Jean-Louis Ravelomanantsoa

Personal information
- Born: 30 March 1943 Antananarivo, Madagascar
- Died: 27 September 2016 (aged 73) Lyon, France

Medal record
Men's Athletics
Representing Madagascar
All-Africa Games
| Bronze medal – third place | 1965 Brazzaville | 200 m |
Universiade
| Bronze medal – third place | 1970 Turin | 100 m |

= Jean-Louis Ravelomanantsoa =

Malagasy sprinter

Jean-Louis Ravelomanantsoa (30 March 1943 – 27 September 2016) was a Malagasy athlete who specialized in the 100 metres.

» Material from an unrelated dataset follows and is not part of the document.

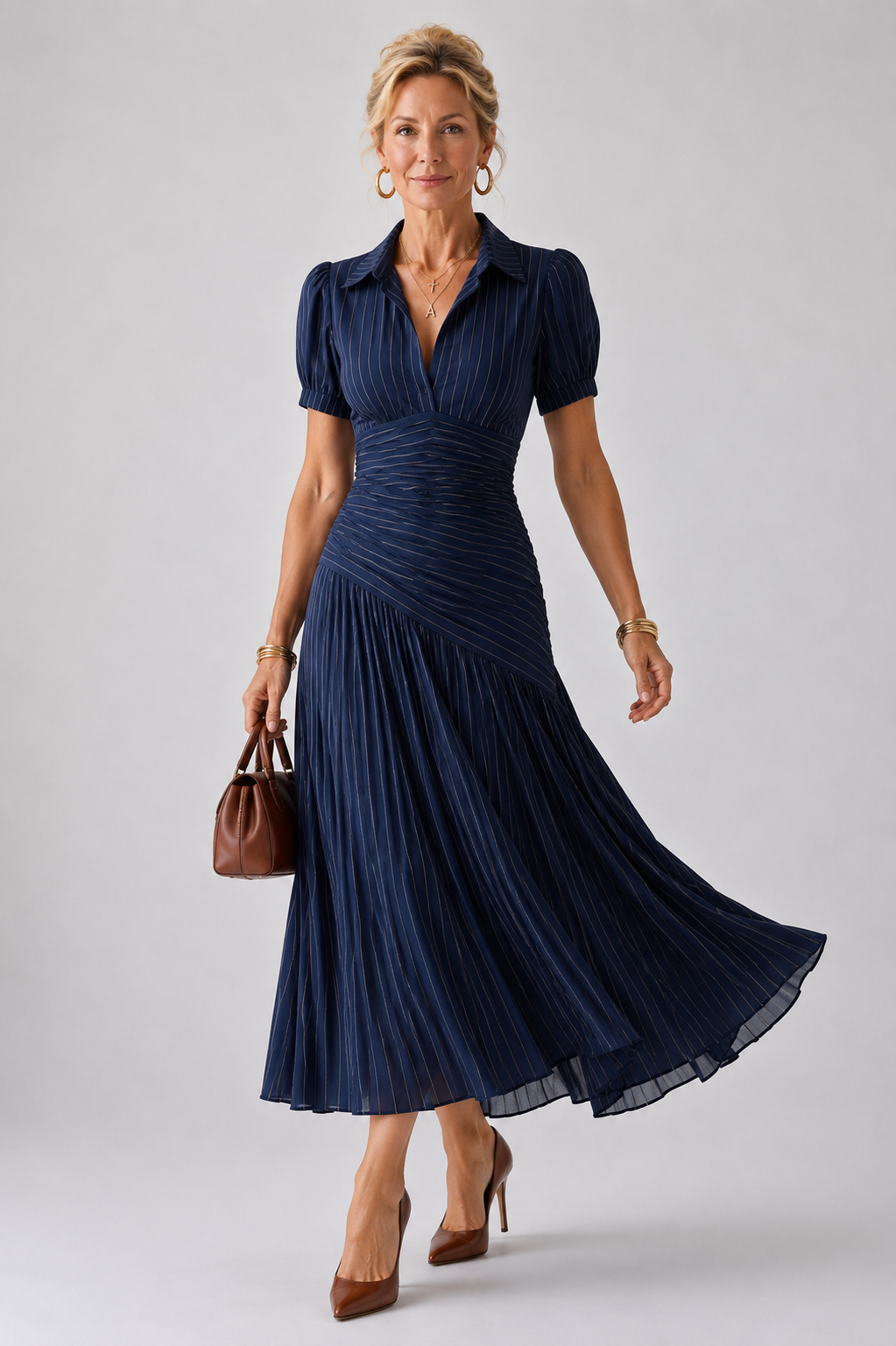 Aurora Valencia | Pleated Waistline Stripe Midi Dress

At the 1964 Summer Olympics he was eliminated in the heats in both 100 and 200 metres.

At the 1968 Summer Olympics he was again eliminated in the heats of the 200 m, but reached the 100 metres final and placed eighth. At these Games he also set his career best time of 10.18 seconds in a tail wind of 2.0 m/s. This is the current Malagasy record.

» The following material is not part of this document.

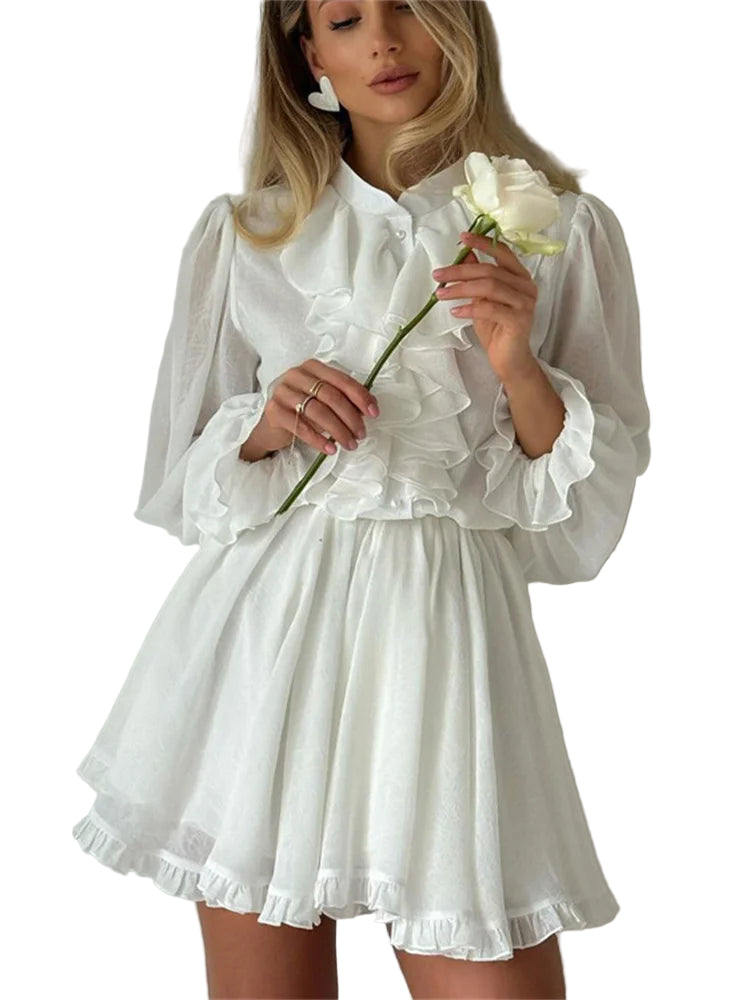 Abito bianco elegante mini con volant e leggero – 2025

At the 1972 Summer Olympics he reached the semi-final of the 100 metres and was eliminated in the heats with the Madagascar 4 x 100 metres relay team.

In 1975 he became the first of only two men to date to have won the Stawell Gift, Australia's most prestigious professional foot race, off the scratch mark. The race is run over 120 metres, but entrants are handicapped according to their competitive form, and most start at a mark a few metres ahead of the start line.

Ravelomanantsoa died on 27 September 2016, aged 73, in Lyon.